• [Work request]:
Print exactly, and only, the lines from the one that has "This video is" through the end of the material below, with both ends included and the pictures omitted.

• [Given material]:

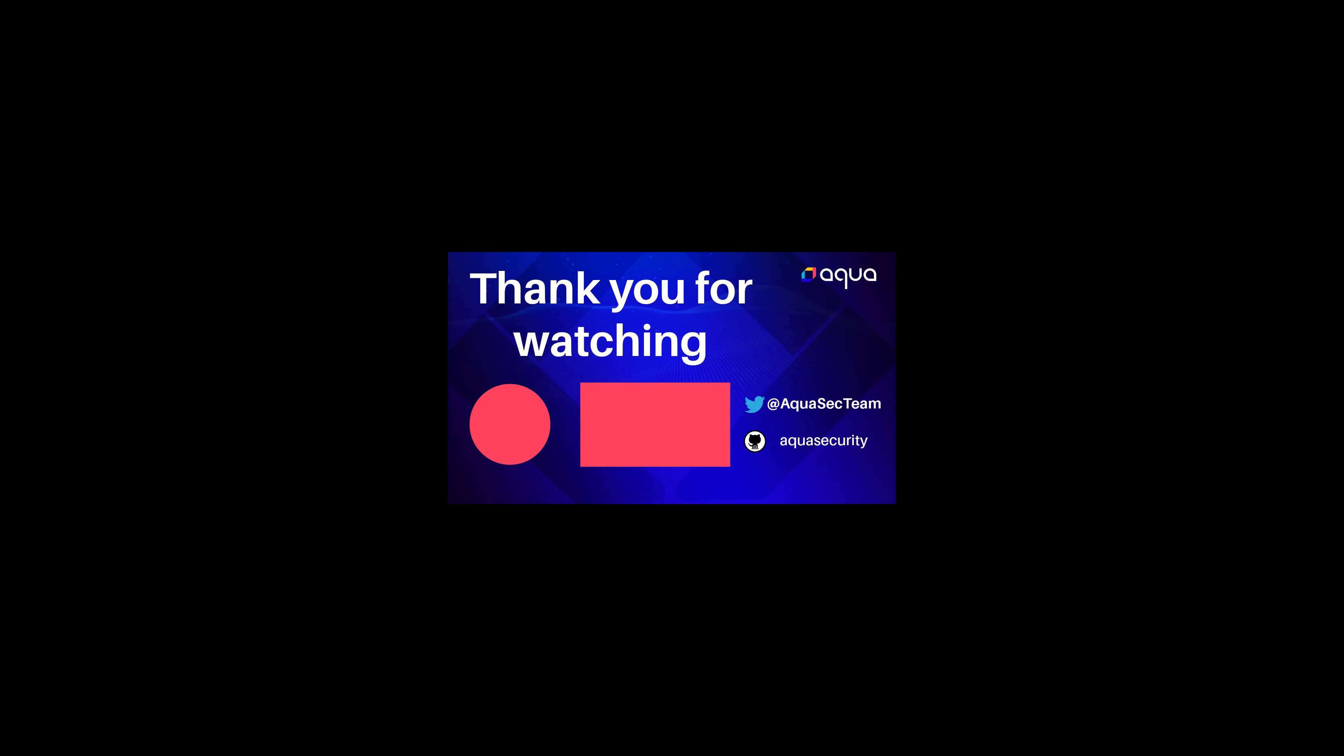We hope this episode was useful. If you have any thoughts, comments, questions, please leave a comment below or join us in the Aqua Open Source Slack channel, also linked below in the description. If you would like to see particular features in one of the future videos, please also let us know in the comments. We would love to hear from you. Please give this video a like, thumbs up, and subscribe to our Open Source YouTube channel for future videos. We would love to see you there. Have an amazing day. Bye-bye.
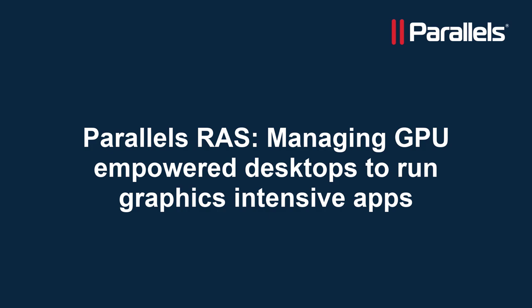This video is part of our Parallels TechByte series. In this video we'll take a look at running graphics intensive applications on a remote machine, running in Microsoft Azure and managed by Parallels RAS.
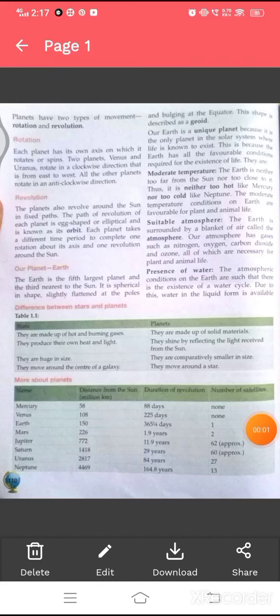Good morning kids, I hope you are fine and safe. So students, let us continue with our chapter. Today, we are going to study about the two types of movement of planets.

• [Solved exercise]:
This video is part of our Parallels TechByte series. In this video we'll take a look at running graphics intensive applications on a remote machine, running in Microsoft Azure and managed by Parallels RAS.
Good morning kids, I hope you are fine and safe. So students, let us continue with our chapter. Today, we are going to study about the two types of movement of planets.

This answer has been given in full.